Law 15,252, enacted in 2025, establishes the possibility for retirees and pensioners of the National Institute of Social Security (INSS) to freely change banks for receiving their benefits. This measure, which begins to take effect in 2026, is expected to change the dynamics of the financial market aimed at the social security public throughout Brazil.
Meanwhile, the National Monetary Council (CMN) is responsible for regulating this portability by April, anticipating the legal deadline of 180 days set for May. The definition of criteria will be decisive in determining which institutions can participate in the competition for these clients, especially given the large benefit portfolio managed by the INSS, estimated at R$ 466 billion accumulated over the last five years.
Currently, only traditional banks with physical presence authorized by the INSS can receive the portability of these payments, which limits the entry of digital banks that operate 100% online. However, the Ministry of Finance proposes to expand this scenario, authorizing institutions without physical branches to provide this service, which could provoke significant changes in the sector.
This change, however, raises concerns from the Ministry of Social Security and the INSS itself, which fear that greater openness could compromise oversight and increase the risks of fraud. In the first four months of 2025, more than 35 thousand complaints of irregularities related to social security benefits were registered, which heightens the sensitivity of the issue for regulatory bodies.
Furthermore, the so-called payroll auction, which currently generates billion revenues for the government, may be impacted. This is because if digital banks are allowed to operate without a direct link to the INSS and without complying with rules such as maintaining branches and in-person service, there could be a decrease in interest to participate in these auctions, changing the financial structure of the market.
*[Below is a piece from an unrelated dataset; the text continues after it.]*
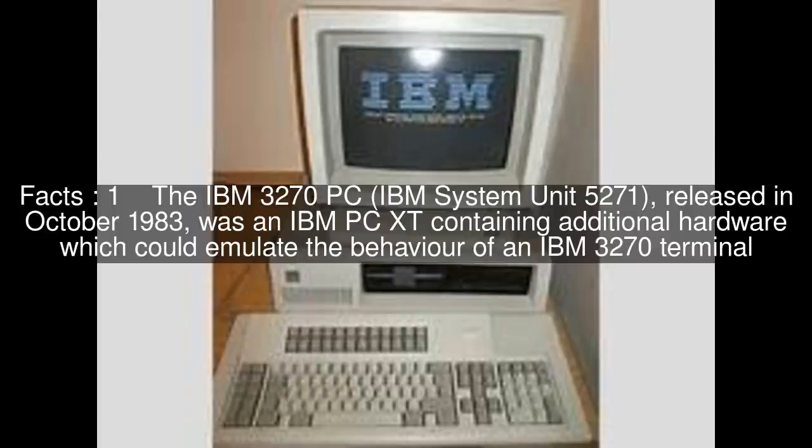The IBM 3270 PC, IBM System Unit 5271, released in October 1983, was an IBM PC-XT containing additional hardware which could emulate the behavior of an IBM 3270 terminal.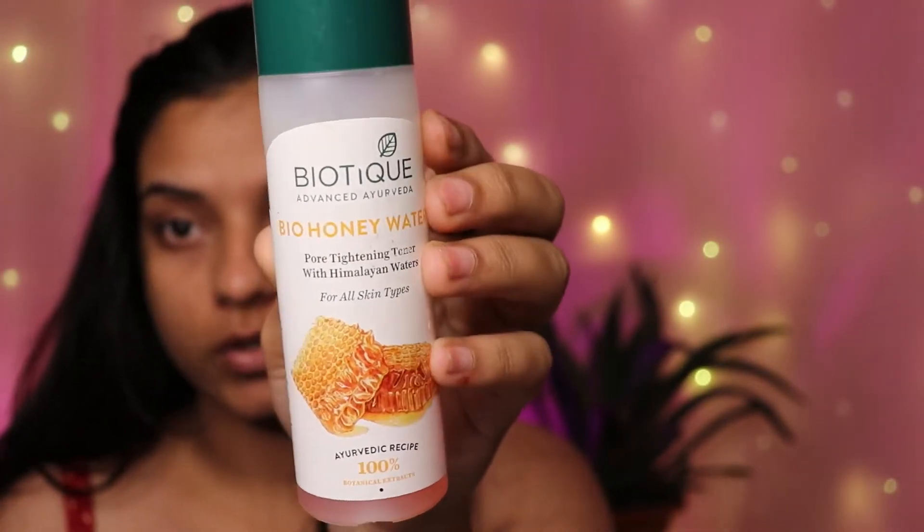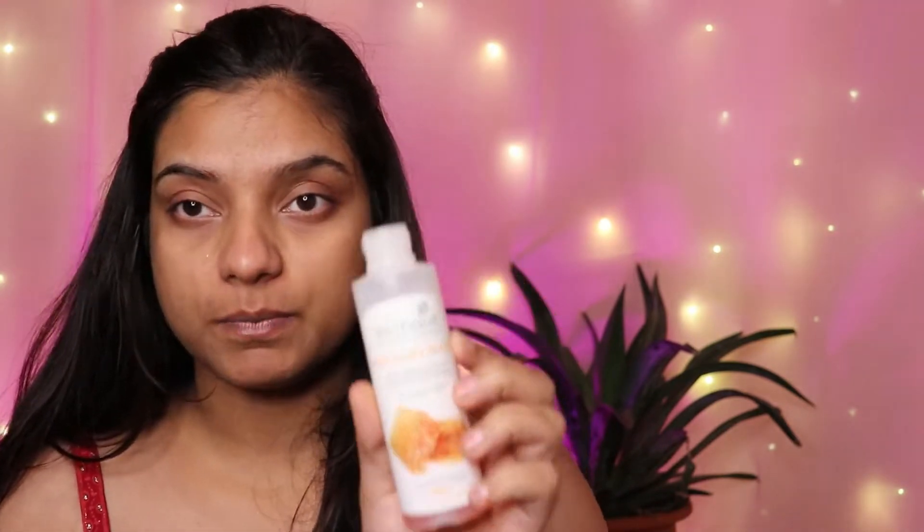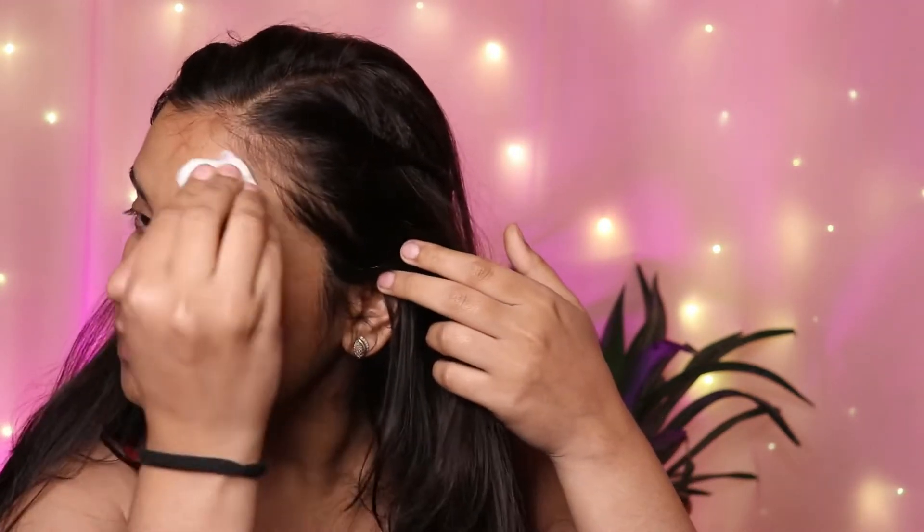After washing, I use this toner from Biotech. This toner is really good — after cleansing, your pores open up, so to minimize those pores you should do toning. You don't want big open pores on your face. Take it on a cotton pad — these days it comes in a spray bottle but this is an older one. Apply it all over your face using the cotton pad. This will also remove any remaining dirt from your face.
Agibank, an institution that went public on the New York Stock Exchange (NYSE) in February this year and whose shares have fallen more than 30%, has already expressed expectations for the maintenance of minimum criteria for physical presence. It is believed that the continuity of these requirements will restrict the performance of exclusively digital banks, thus limiting the growth potential of this modality in the benefits market.
Finally, the ongoing regulation should clarify the conditions for digital banks to receive benefits without direct contracts with the INSS, an aspect that still causes debate among economic agents and regulators. The completion of the process depends on the CMN’s deliberation, which should establish the final rules of portability and define the eligibility of financial institutions in the coming days.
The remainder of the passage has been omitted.